Bellman Equation

Sources:

  1. Shiyu Zhao. Chapter 2: State Values and Bellman Equation. Mathematical Foundations of Reinforcement Learning.
  2. --> Youtube: Bellman Equation: Derivation

Problem Formula

Given a policy, finding out the corresponding state values is called policy evaluation. This is through solving an equation called the Bellman equation.

State Value

The expectation (or expected value, mean) of \(G_t\) is defined as the state-value function or simply state value: \[ \begin{equation} \label{eq_def_of_state_value} v_\pi(s)=\mathbb{E}\left[G_t \mid S_t=s\right] \end{equation} \]

Remarks:

  • It is a function of \(s\). It is a conditional expectation with the condition that the state starts from \(s\).
  • Since \(G_t\) is based on some policy \(\pi\), its expectation \(v_\pi(s)\) is also based on some policy \(\pi\), i.e., for a different policy, the state value may be different.
  • It represents the "value" of a state. If the state value is greater, then the policy is better because greater cumulative rewards can be obtained.

Derivation of the Bellman equation

Recalling the definition of the state value \(\eqref{eq_def_of_state_value}\), we substitute \[ G(t) = R_{t+1}+\gamma G_{t+1} \] into it1:

\[ \begin{aligned} \label{eq_derivation_of_state_value_function} v_\pi(s) & =\mathbb{E}[G_t \mid S_t=s] \\ & =\mathbb{E}[R_{t+1}+\gamma G_{t+1} \mid S_t=s] \\ & =\color{teal}{\mathbb{E} [R_{t+1} \mid S_t=s]}+ \gamma \color{salmon}{\mathbb{E}[G_{t+1} \mid S_t=s]} \end{aligned} \]

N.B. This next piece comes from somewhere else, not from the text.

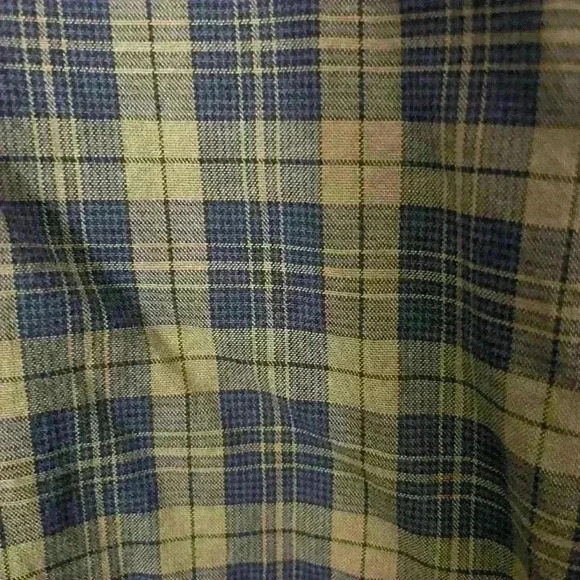 Red Ale Patterned Men's Short Sleeve Button Up - Picture 3 of 6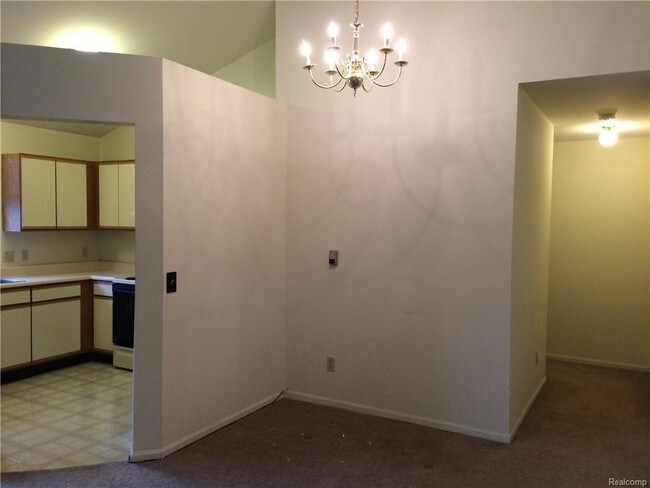 Building Photo - 225 Brookwood Dr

The two terms in the last line of are analyzed below.

First term: the mean of immediate rewards

First, calculate the first term \(\mathbb{E}\left[R_{t+1} \mid S_t=s\right]\) : \[ \begin{aligned} \color{teal}{\mathbb{E}\left[R_{t+1} \mid S_t=s\right]} & =\sum_{a \in \mathcal A(s)} \pi(a \mid s) \mathbb{E}\left[R_{t+1} \mid S_t=s, A_t=a\right] \\ & = \color{teal}{\sum_{a \in \mathcal A(s)} \pi(a \mid s) \sum_r p(r \mid s, a) r} . \end{aligned} \]

This is the mean of immediate rewards.

Explanation

Given events \(R_{t+1} = r, S_t = s, A_t = a\), the deduction is quite simple.

  1. From the law of total expectation: given discrete random variables \(X\) and \(Y\), then \[ \mathbb{E}(X)=\mathbb{E}(\mathbb{E}(X \mid Y)) \] If \(Y\) is finite, we have \[ \mathbb{E}(X)=\sum_{y_i \in \mathcal{Y}} \mathbb{E}\left(X \mid Y=y_i\right) p\left(Y=y_i\right) \] where \(\mathcal Y\) is the alphabet of \(Y\).

    Thus we obtain: \[ \mathbb{E}\left[R_{t+1} \mid S_t=s\right] =\sum_{a \in \mathcal A(s)} \pi(a \mid s) \mathbb{E}\left[R_{t+1} \mid S_t=s, A_t=a\right] \] where \(A_t\) is finite.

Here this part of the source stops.